Americans formed a platform in the USA in 1971 with a motto what they said, "We share a common concern." It was named "Friends of East Bengal". Its headquarters was in New York. The body published a booklet denouncing inhuman atrocities in the East Pakistan in 1971 and supporting liberation war movement by the Bangladeshis.
Not only Americans, but also many Pakistanis in their poems, novels and short stories supported the Bangladesh Liberation War of 1971 and voiced against the genocide in East Pakistan carried out by Pakistani occupation forces.
Many Pakistanis including intellectuals, journalists and politicians residing both inside and outside of Pakistan came forward to back the war and because of that a good number of Pakistanis had to suffer jail terms and inhuman torture.
With a view to attracting public and international support to the Bangladesh war, Pakistani intellectuals formed a corps titled "Pakistan Forum" (PF).
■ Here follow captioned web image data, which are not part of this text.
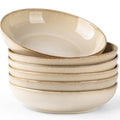 AmorArc 8.5’’ Ceramic Pasta Bowls Set of 6, 36oz Large Stoneware Bowls Set - color: Otameal, size: Set of 6
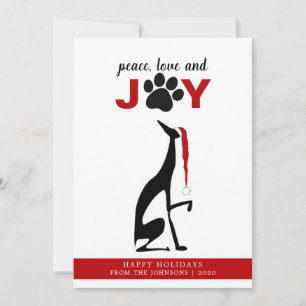 Cartes Pour Fêtes Annuelles Chien Pet Pet Rouge Noël
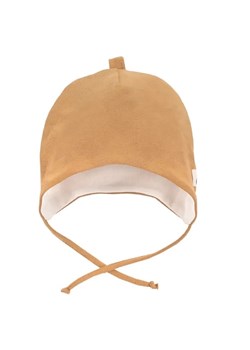 Czapka wiązana niemowlęca żółta Pinokio Tres Bien ze sklepu lenaodniemowlakadoszkolniaka.pl w kategorii Czapki dziecięce - zdjęcie 187468586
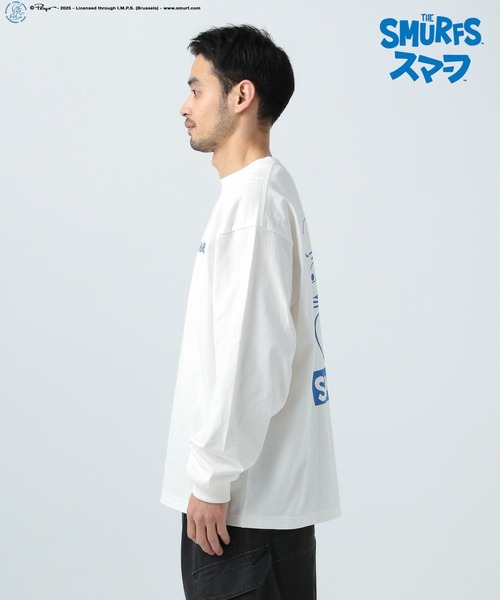 BAYFLOW(ベイフロー)の「【THE SMURFS/スマーフ】プリント長袖Tシャツ(Tシャツ/カットソー・メンズ・ホワイト/ブルー/チャコール・LARGE/MEDIUM)」の17枚目の写真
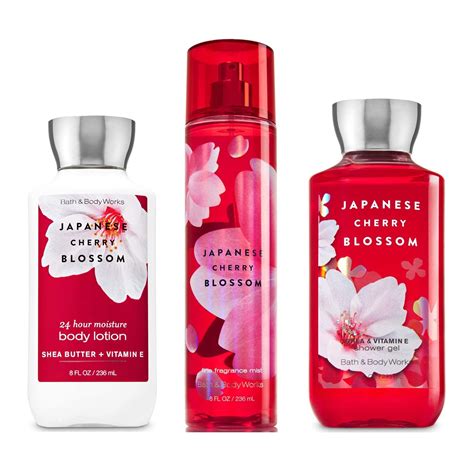 bath and body japanese cherry blossom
Its main motto was to inform the world community about the reasons of the Liberation War of Bangladesh.
The PF published a booklet of 80 pages titled "East Bengal: roots of the GENOCIDE" with the help of Friends of East Bengal to inform the world community about the Pakistani atrocities on Bangladeshis. Firoz Ahmed, who wrote essays on French and American newspapers, was Secretary of Pakistan Forum. There were some essays and articles in the publication.
Pakistani poets Ahmed Selim and Habib Jaleb had gone thorough inhuman torture and suffered jail for writing poems supporting the Liberation War of Bangladesh.
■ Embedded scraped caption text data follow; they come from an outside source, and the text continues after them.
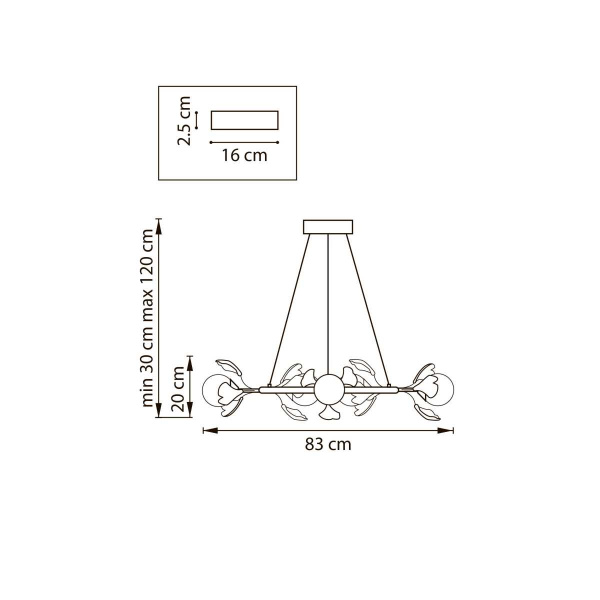 Люстра подвесная Ceramo BW Lightstar 799097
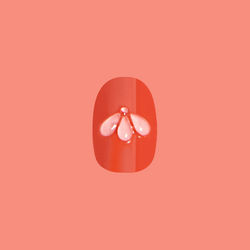 Puffy Pink Petals - Press-On | Extra Short | Round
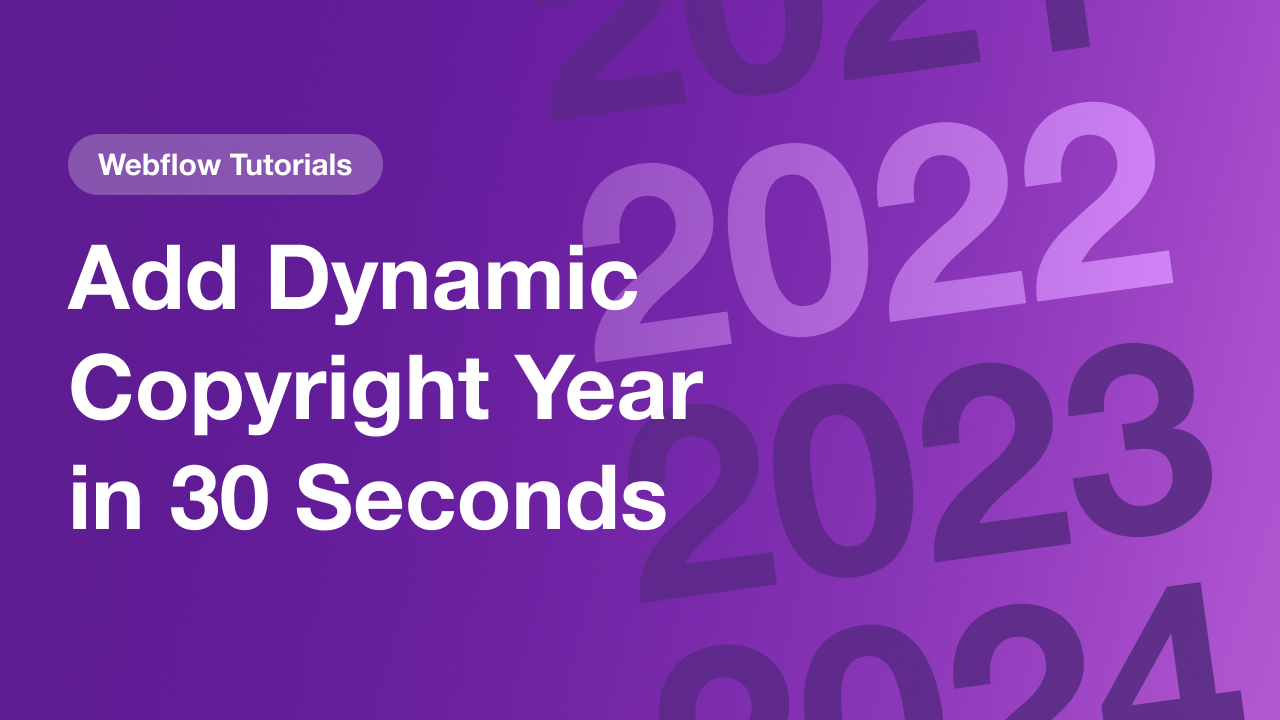 Add Dynamic Copyright Year to Footer in 30 Seconds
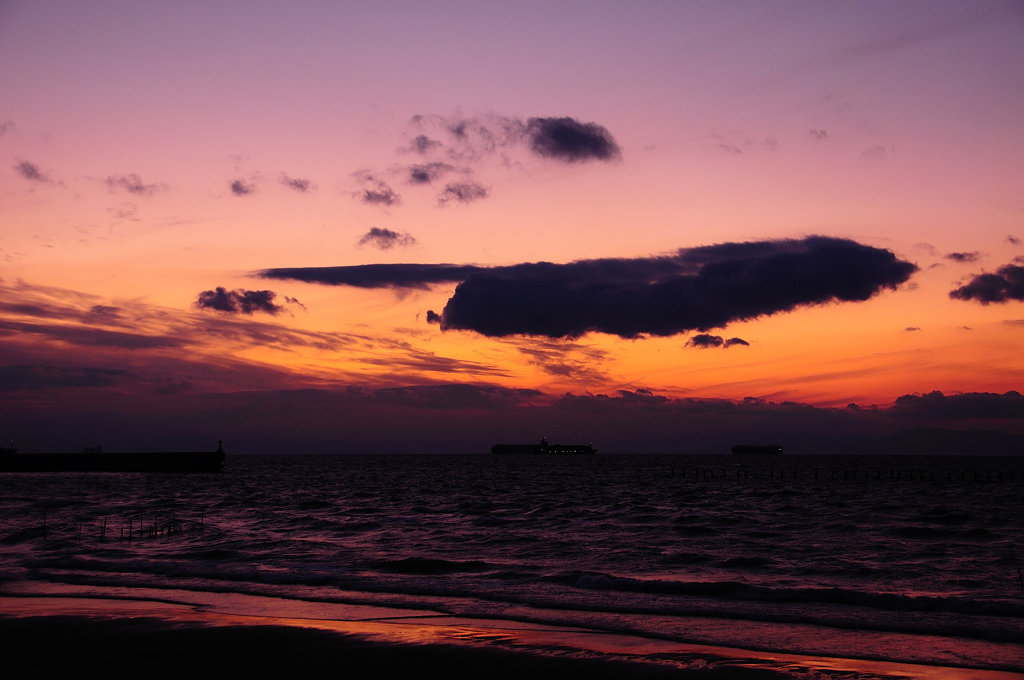 本日の夕景～2012.1.28～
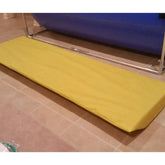 Newtowne Hyperbarics Contoured Chamber Mattress in yellow, designed for comfort in C4-27 hyperbaric therapy.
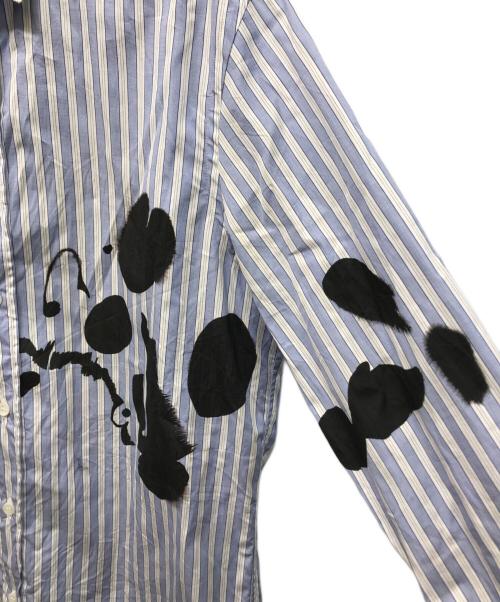 OAMC（オーエーエムシー）OAMC (オーエーエムシー) Moth Chest Print Shirt ブルー×ホワイト サイズ:Sの古着・服飾アイテム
At that time, some Pakistanis including Majhar Ali Khan, Tahera Majhar and Asgar Khan gave a statement supporting the war. Asgar Khan's son, who was in the Pakistani army, was also held and tortured for his father's statement.
A letter of Pakistani researcher also Bihari, Iqbal Ahmed and his three friends was published in the New York Times on April 10 in 1971. In the letter, the researcher of Pakistan heavily criticized the atrocities on Bangladeshis by Pakistani junta.
"I had collected 200 poems written in Sindhi language, over 50 from Pashto areas, 20 from Baluchistan, some from Punjab of Pakistan and some others in Urdu and English languages supporting the Liberation War of 1971," said noted historian Professor Dr Muntassir Mamoon in an article "Muktijuddhe Simanta Gandhi Pakistanider Ja Bolechhilen" in his edited book "Muktijuddher Chhinna Dalilpatra."
"A book of 500 pages with the collected poems can be published," he said adding that a Pakistani novel and some short stories on the war had also been found.